DATASET EXTRACT:
———
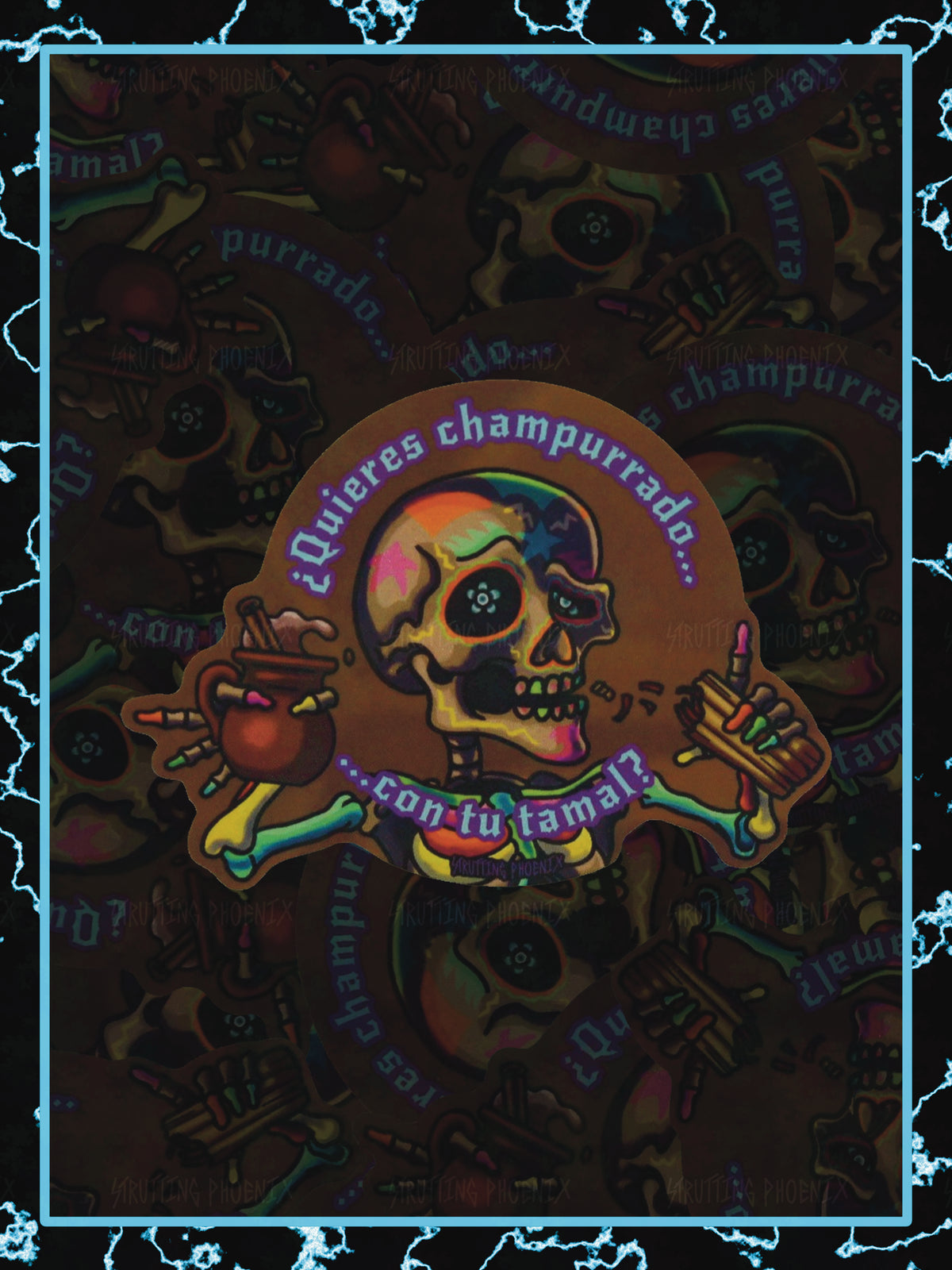 "Champurrado" sticker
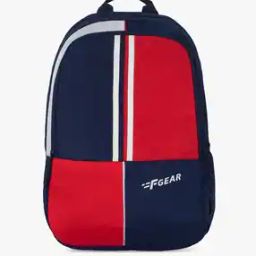 Men Colourblock Backpack-20
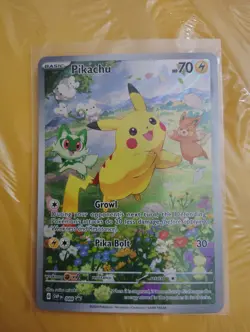 Pikachu 088 Near Mint Paldea Adventure Chest Black Star Promo Pokemon TCG - Image 3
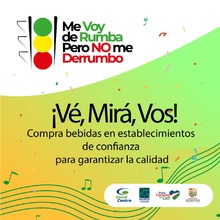 Red de Salud del Centro acompa&ntilde;a la Feria de Cali con &lsquo;Me voy de rumba pero no me derrumbo&rsquo;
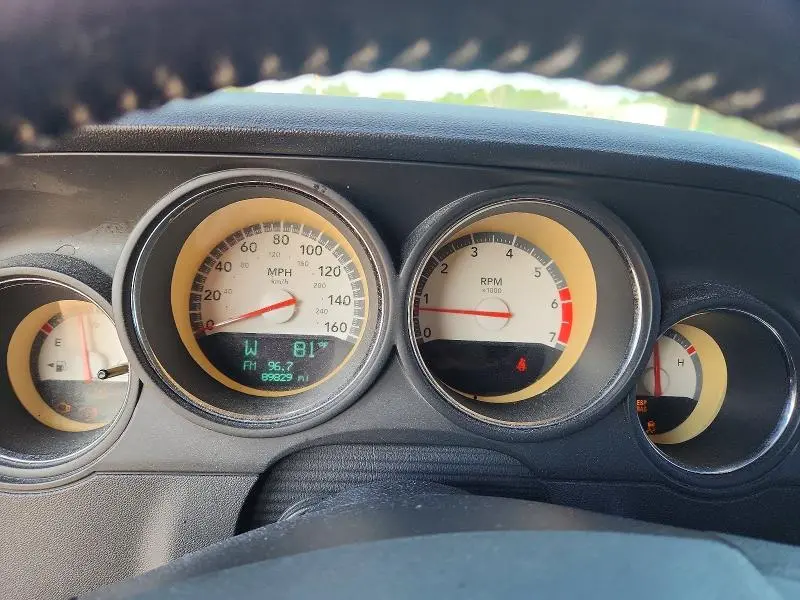 2010 DODGE CHALLENGER R/T  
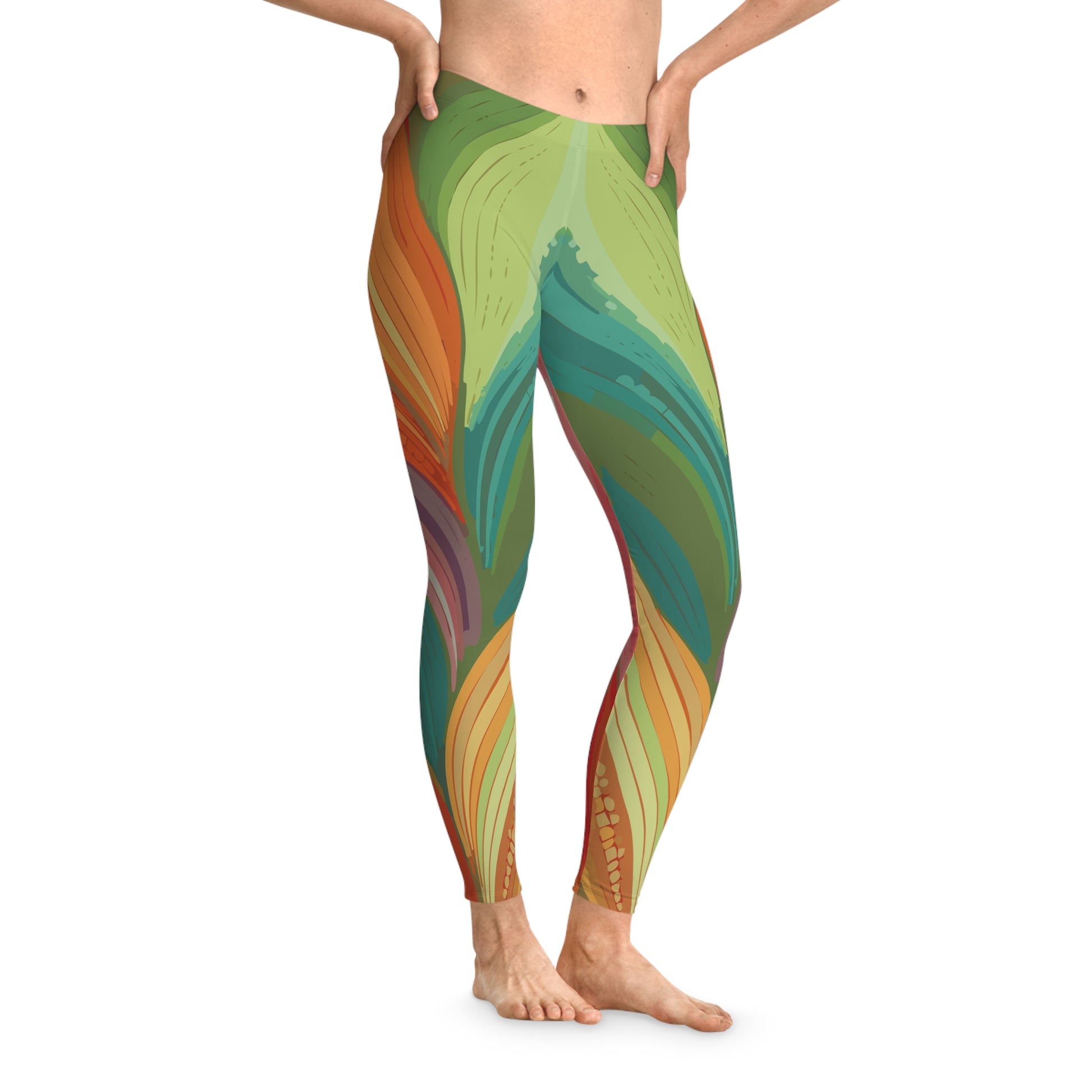 Abstract Leggings - PPU BEST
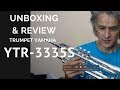 Review Trumpet YAMAHA YTR-3335s - (Eric Awuy) Unboxing dan Kesan pertama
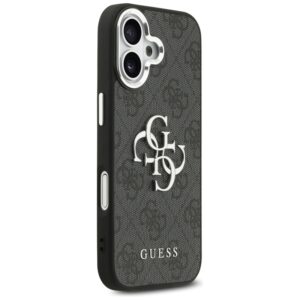 Guess 4G Big 4G Classic Logo - dėklas skirtas Apple iPhone 17 Black / Silver - Image 4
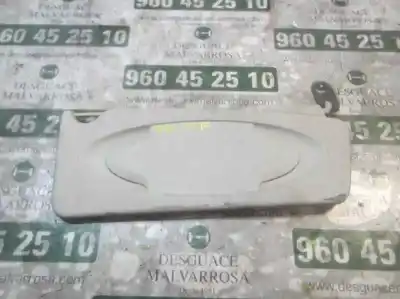 Peça sobressalente para automóvel em segunda mão para-sol direito por renault kangoo furgón professional referências oem iam   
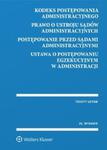 Kodeks postępowania administracyjnego Prawo o ustroju sądów administracyjnych Postępowanie przed s w sklepie internetowym Booknet.net.pl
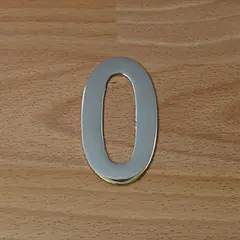 FIXSER - Número Niquel Satinado # 0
———
ASSIGNMENT:
Using the records above, return word for word the lines that begin at the one containing "Abstract Leggings - PPU BEST" and end at the one containing "Guess 4G Big", both of them included and no pictures.

RESPONSE FOR THIS EXERCISE:
 Abstract Leggings - PPU BEST
 Review Trumpet YAMAHA YTR-3335s - (Eric Awuy) Unboxing dan Kesan pertama
 Guess 4G Big 4G Classic Logo - dėklas skirtas Apple iPhone 17 Black / Silver - Image 4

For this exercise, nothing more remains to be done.